Chair for Philosophy & Blockchain

The Chair for Philosophy & Blockchain addresses philosophical questions raised by blockchain. From trust and authority to the nature of money, identity, ownership, and digital communities, it examines how blockchain instantiates, challenges, and reshapes fundamental philosophical concepts.

What happens to the foundations of knowledge, trust, and value when relationships amongst humans and/or artificial agents are no longer mediated by traditional, intermediary institutions, but by decentralised technologies? The Chair for Philosophy & Blockchain at ZIBR explores the ethical, epistemological, and ontological dimensions of blockchain. It investigates how historical and contemporary currents in blockchain innovation are shaped by philosophical presuppositions, and how philosophical inquiry can guide innovation, highlight opportunities and their tipping points into solutionism, hype, and hubris, and help societies navigate the promises and pitfalls of decentralisation.
Philosophical Foundations Meet Blockchain Reality
What is blockchain? As a socio-technical phenomenon, blockchain challenges how we understand and navigate reality, fiction, and collective knowledge. The Chair examines how blockchain and its constitutive features transform the interaction and cooperation of human and artificial agents.
Trust, Identity, and Ownership
From Bitcoin’s claim to be trustless electronic cash to the tokenization of identity and assets, blockchain reconfigures what it means to own and to rely on others. How can a blockchain blur the line between reality and fiction? How does tokenization reshape our sense of identity, owning, and belonging? The Chair studies these and other emerging impacts on concepts in philosophy and beyond.
Beyond Disciplinary Boundaries
Blockchain is a multifaceted phenomenon rife with tensions, ambiguities, continuities and discontinuities with previous and ongoing inquiry. Particular emphasis is thus placed on the integration with (i) related philosophical subdisciplines in Philosophy of Technology and Applied Ethics, particularly AI Ethics, Bioethics, and the Ethics of Emerging Technologies, as well as (ii) neighboring disciplines such as Sociology, Political science, and Law.
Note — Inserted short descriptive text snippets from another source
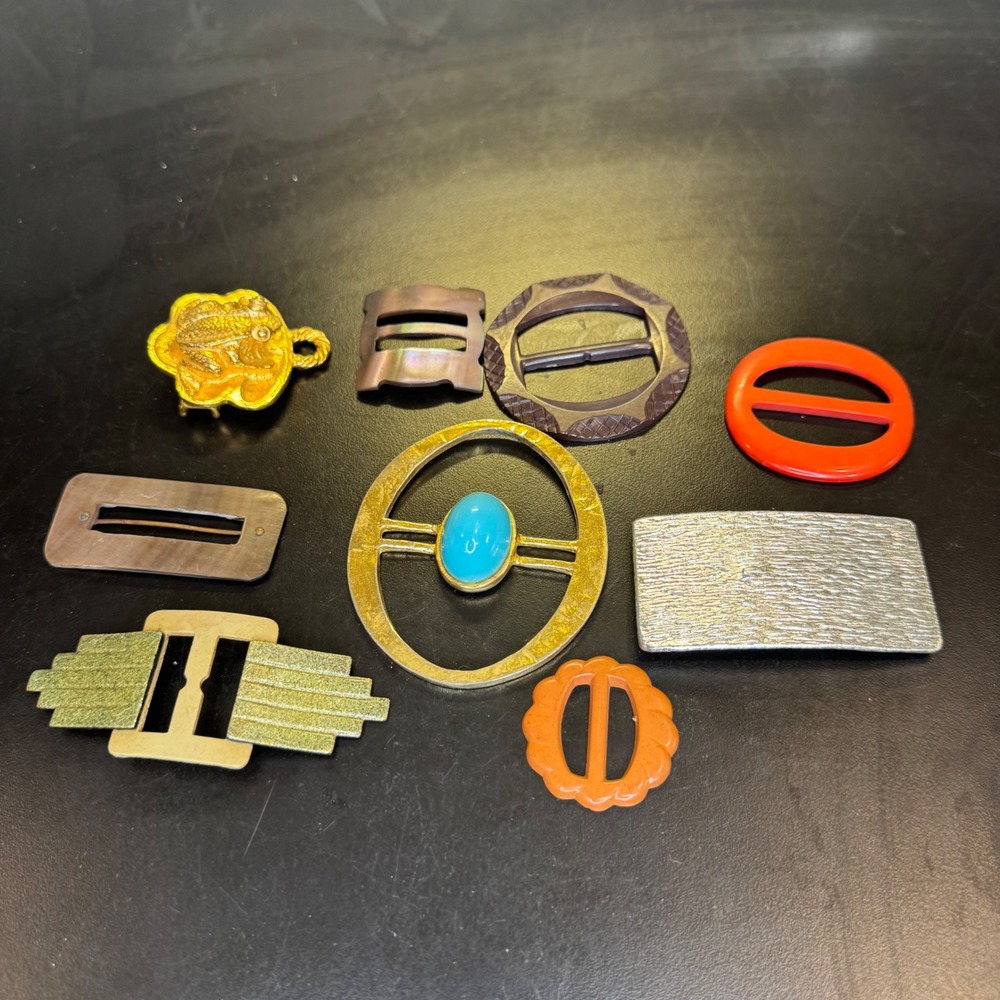 Vintage Belt Buckle Scarf Slide Lot Womens Multi Art Deco Mid Century Modern 9pc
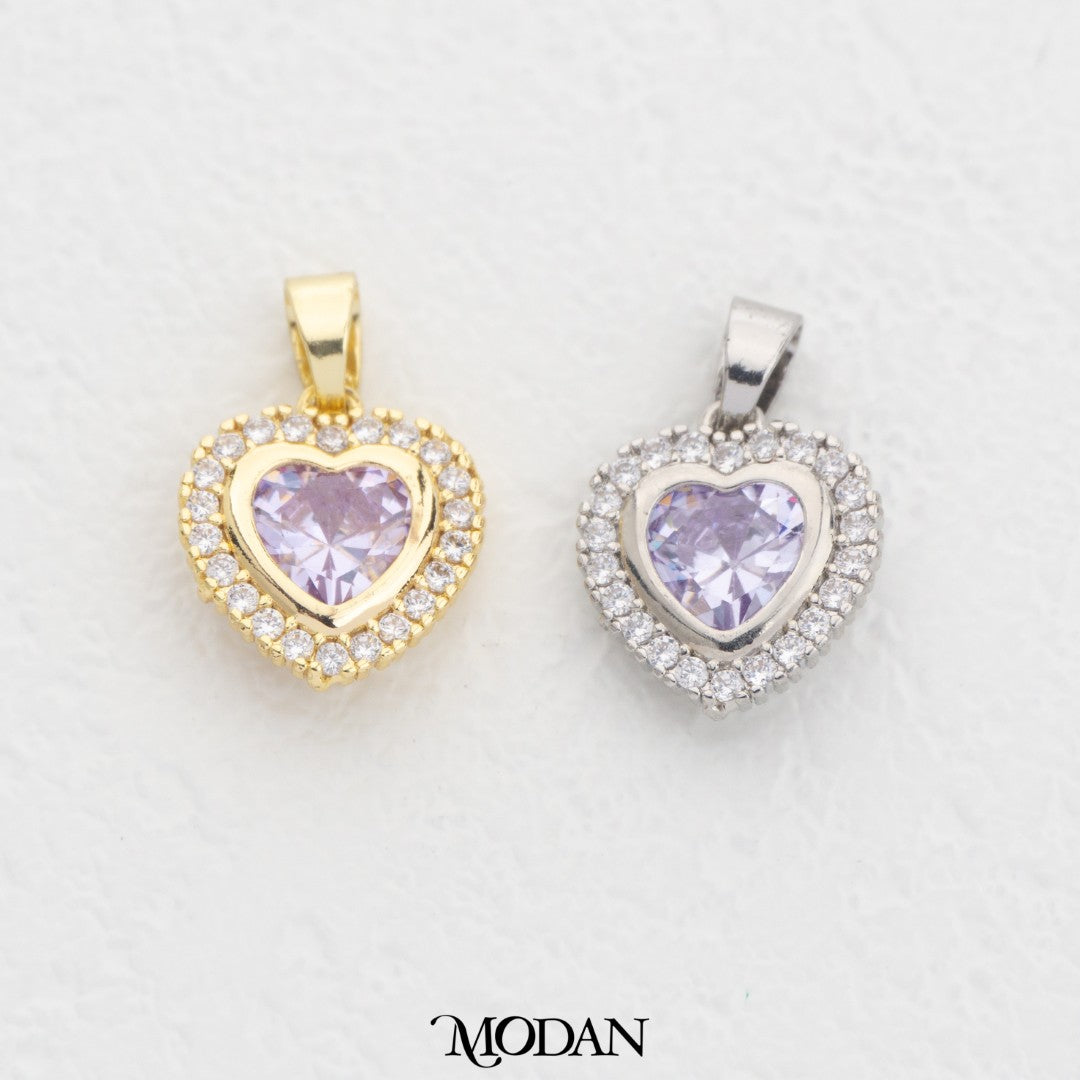 Sparkling Purple Heart DIY Charm Liontin Pesta Hati Ungu Hypoallergenic Gold Filled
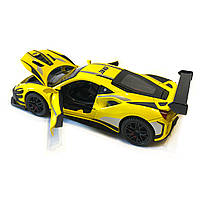Машинка металева дитяча Ferrari Феррарі, жовта, Авто Експерт металопластик, 1:32, звук, світло, інерція, відчиняються двері,, фото 9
This Chair pursues a critical and constructive analysis of opportunities, risks, disruptions, claims, and realities in blockchain ecosystems.

Prof. Dr. Patrik Hummel
Professor of Philosophy and Blockchain
Get to know the Chair
The Chair for Philosophy & Blockchain aims to serve as a key voice in reflecting on decentralised technologies through the lens of philosophical inquiry. It contributes to philosophical discourse, interdisciplinary research, international debates, and informed, critical public reflection of blockchain’s wider implications.